Friday, July 08, 2011
Fall, Obsidian Night is a 2010 release from funeral doom metal band Remembrance. They're from France, but lyrics are (apparently) in English. As is usual with these kinds of vocals, I can't understand anything they're saying, but I don't really think of these vocals as lyrical vocals. I think of them more as a specialized form of vocalese. All the lyrics can be found online and, as expected, "place an emphasis on evoking a sense of emptiness and despair."
Instrumentation includes both electric and acoustic guitars as well as synthesizers. Both male and female vocals are used.
I love this music.Here's the only purely instrumental track from the album, "Our Memories are Made of Stones."
The CD is available via Amazon but from third-party sellers and the prices are high. The mp3 download is quite cheap.
Monday, July 04, 2011
This morning I watched Dracula: Dead and Loving It (1995). I'm sure this isn't something new to most, and in fact I think I saw it myself once a long time ago, but I didn't remember anything about it except the part where Harker says, "But Lucy...I'm British!"
Was this the only movie that Mel Brooks and Leslie Nielsen made together? It's the only one I know of. Just wondering.
It didn't do well as far as making money goes, but I really enjoyed it. 4 stars.
Of course this is a send-up of classic vampire movies regarding Count Dracula himself. That skinny little guy who played Renfield was also great. I've seen him numerous times and I think this was his best performance ever.
This movie had sort of a kitchen sink approach to vampire characteristics.*
- Flight in human form: yes, or at least sort of a controlled glide.
- Shape change: yes, bat only, but keeps (miniaturized) human head. Can fly in bat form.

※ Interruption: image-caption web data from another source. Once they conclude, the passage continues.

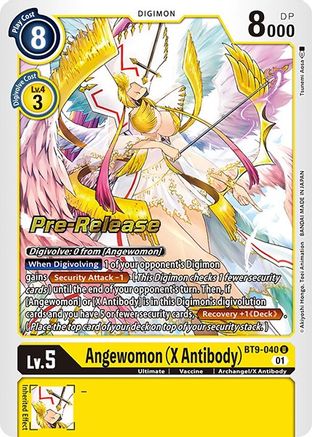 Angewomon (X Antibody) (BT9-040) - X Record Pre-Release Cards Foil - Premium Digimon Single from Bandai - Just $5.19! Shop now at Game Crave Tournament Store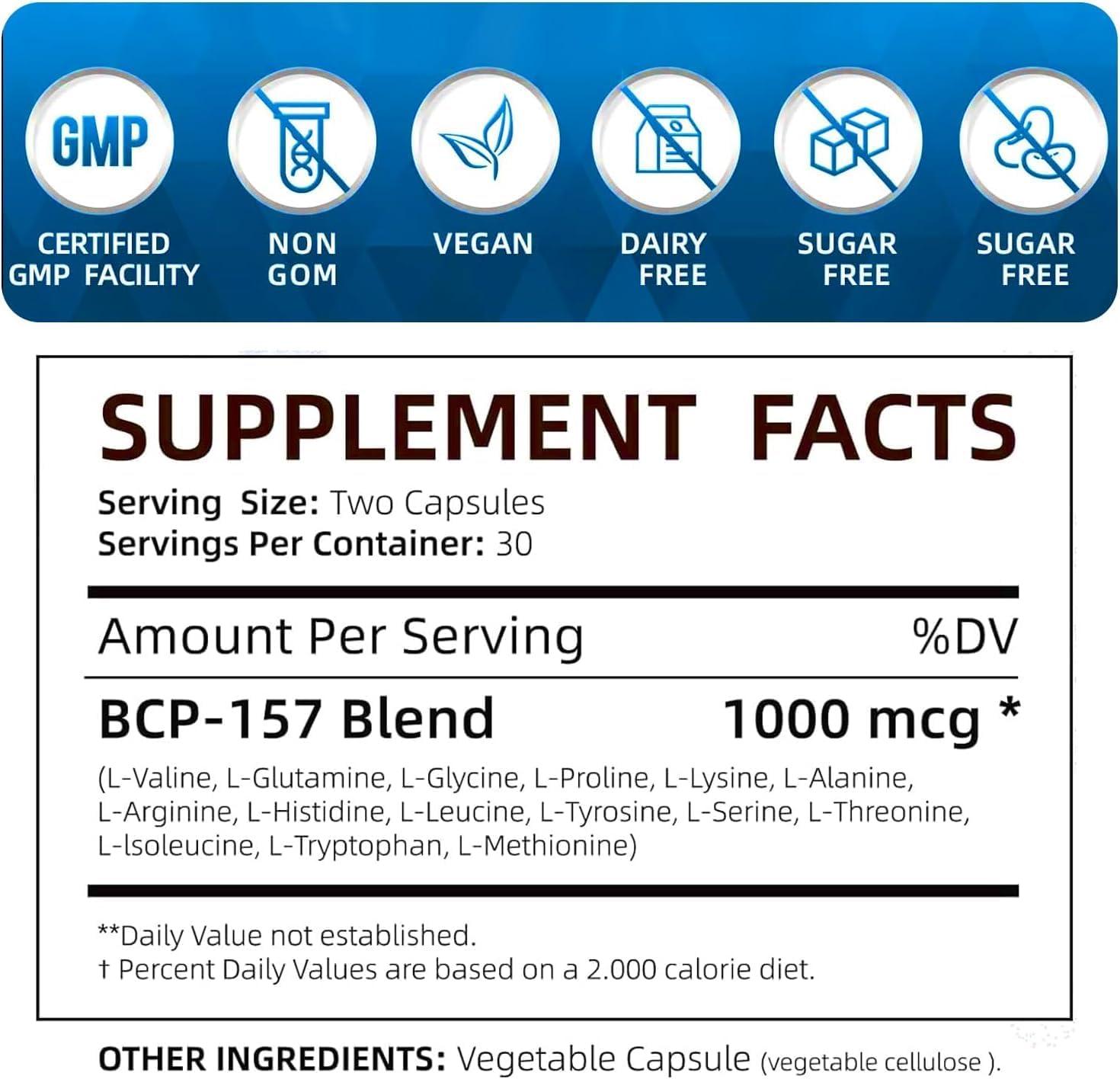 fda warning unapproved peptide products bpc-157 tb-500 ipamorelin cjc-1295 BPC 157 1000 mcg for Muscle & Workout Recovery Third Party Tested Proven  Quality 60 Capsules | Buy Now with Express International Delivery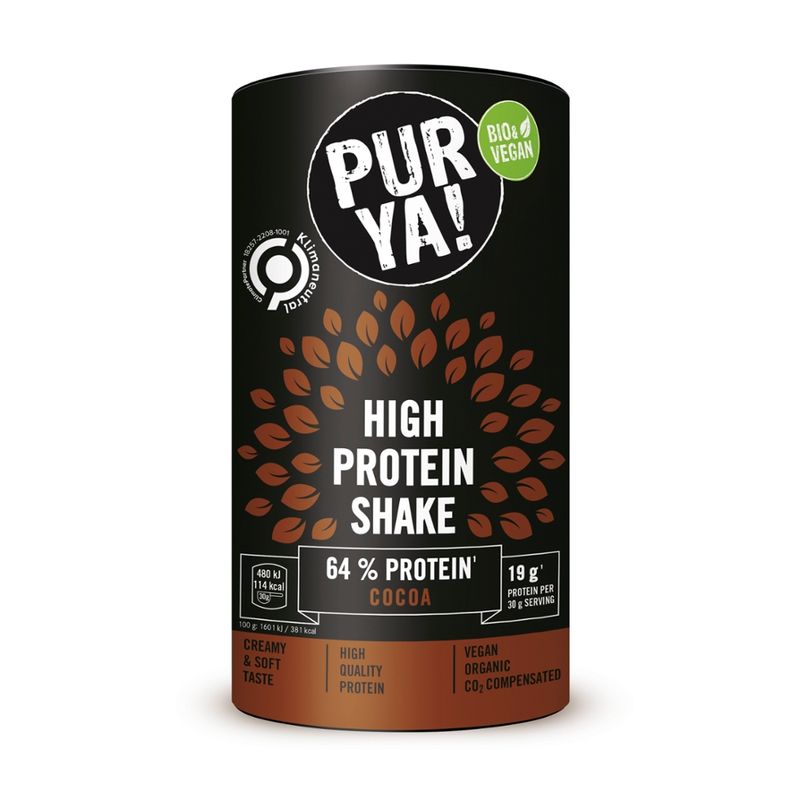 PURYA! High Protein Shake Kakao, BIO, 500g - Produktbild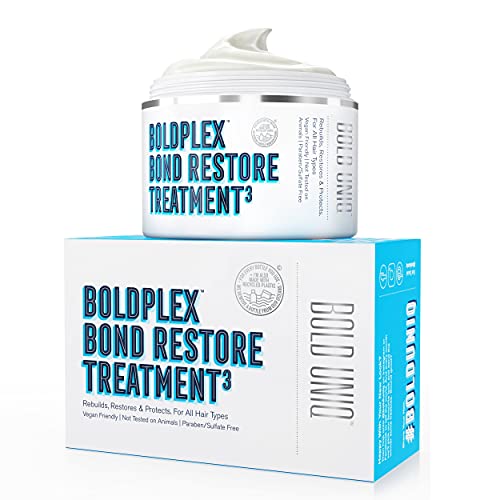 BoldPlex 3 Bond Repair - Maschera per il Trattamento delle Proteine dei Capelli - Formula Idratante Condizionante per Capelli Ricci, Secchi, Colorati, Crespi, Crespi, Rotti o Scoloriti - 200ml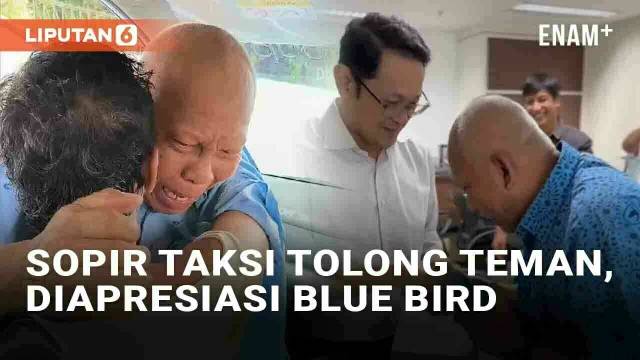 Viral Aksi Heroik Sopir Taksi Tolong Teman Kena Angin Duduk, Blue Bird Beri Penghargaan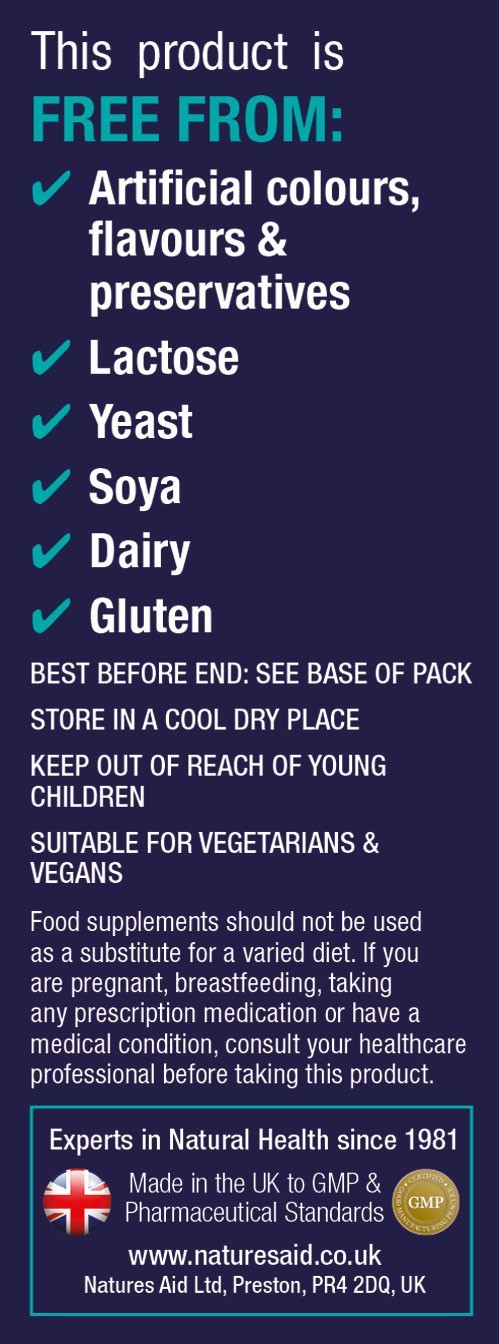 Natures Aid Pro-Derma (15 Billion Bacteria) With Choline, Chromium, Vitamin A, Copper & Zinc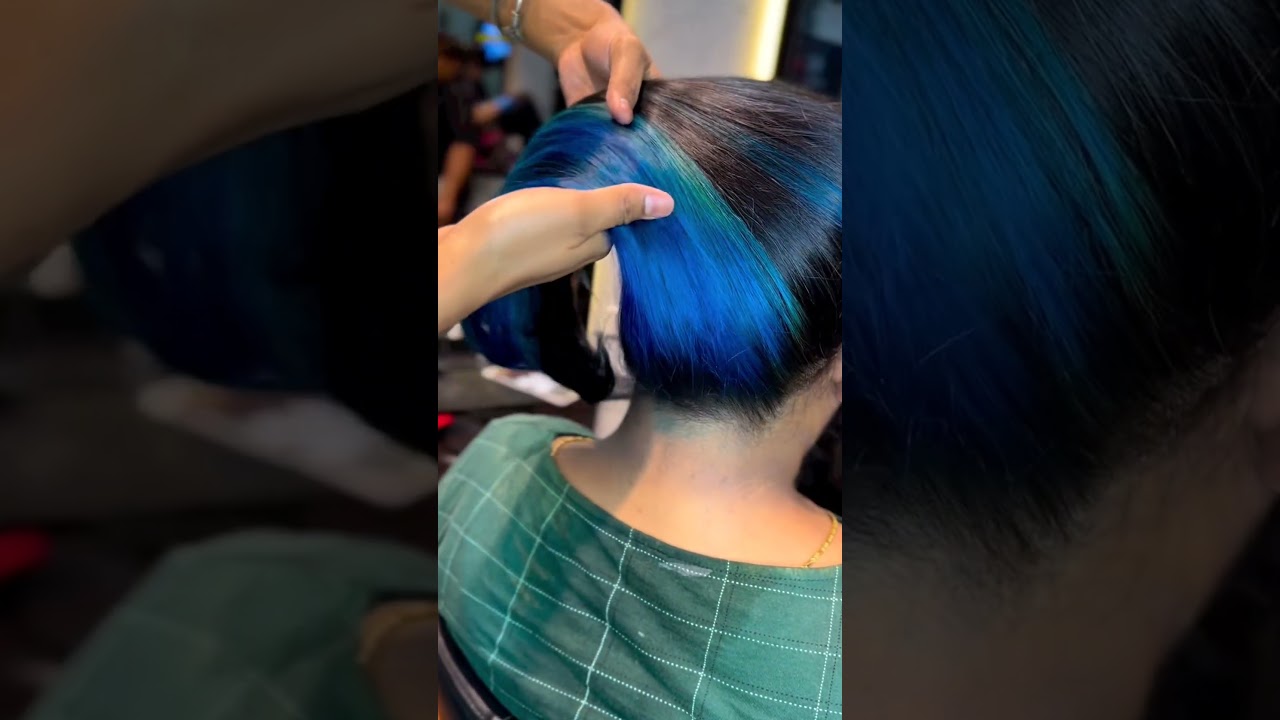 fashion hair highlight colour tutorial tranding Viral video//how to do fashion highlight colour//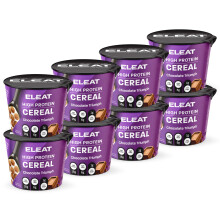 ELEAT | High Protein Breakfast Pots | Healthy High Fibre Chocolate Cereal Pots | With Good Bacteria & Amino Acids | Great to Go & for Pre-Post Workout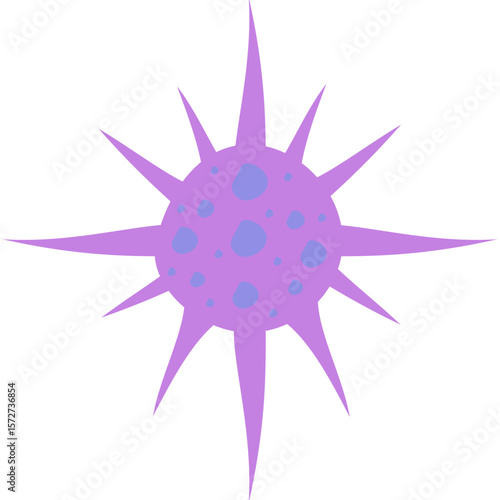 Tuberculosis Bacteria. Microbe icon vector image. Can be used for Tuberculosis.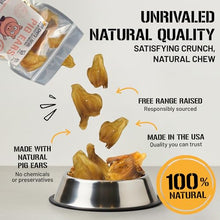 Load image into Gallery viewer, Dog Chits Pig Ears for Dogs – 100% Natural Baked Pig Ear Dog Treats & Training Chews – High Protein, Lower Fat, Grain-Free – Great for Puppies, Dental Support – Medium Size, 15 Pack – Made in USA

- Appearance: attractive/normal. Looks strange with high Oldman-style hairdo but then reveals that the apparent hairdo is actually a hat.
- Mind control: yes, limited. Has trouble separately controlling two people in the same room.
- Fangs: retractable.
- Fears/repelled by: garlic, cross.
- Killed by: stake (Lucy), sunlight (Dracula).
- Increased strength.
- Enters house without being invited.
- Sleeps in a coffin.
- Creates new vampire by killing (drinking blood to the death), but not all kills result in new vampire.
A halfway-decent knowledge of previous vampire movies help improve the humor; some jokes are related to more general vampire lore. Also, I was surprised by a brief appearance at the beginning by Avery Schreiber, who I best remember as Mister Evil from The Harlem Globetrotters Popcorn Machine.
I also started re-watching a movie that I watched a few weeks ago and didn't mention in much detail so I could make notes on it. I'll get to that one again soon.
*I kept jotting down notes in a little notebook. My wife says, "What are you doing?" I answer, "Taking notes." Wife: "..." I guess that's just another odd little quirk of mine she's gotten used to.
For those of you with country-ish leanings in your music preferences, here's a nice sampler that might freshen up your mp3 player of choice just a bit. This is from 2010, but I missed it when it was released last year.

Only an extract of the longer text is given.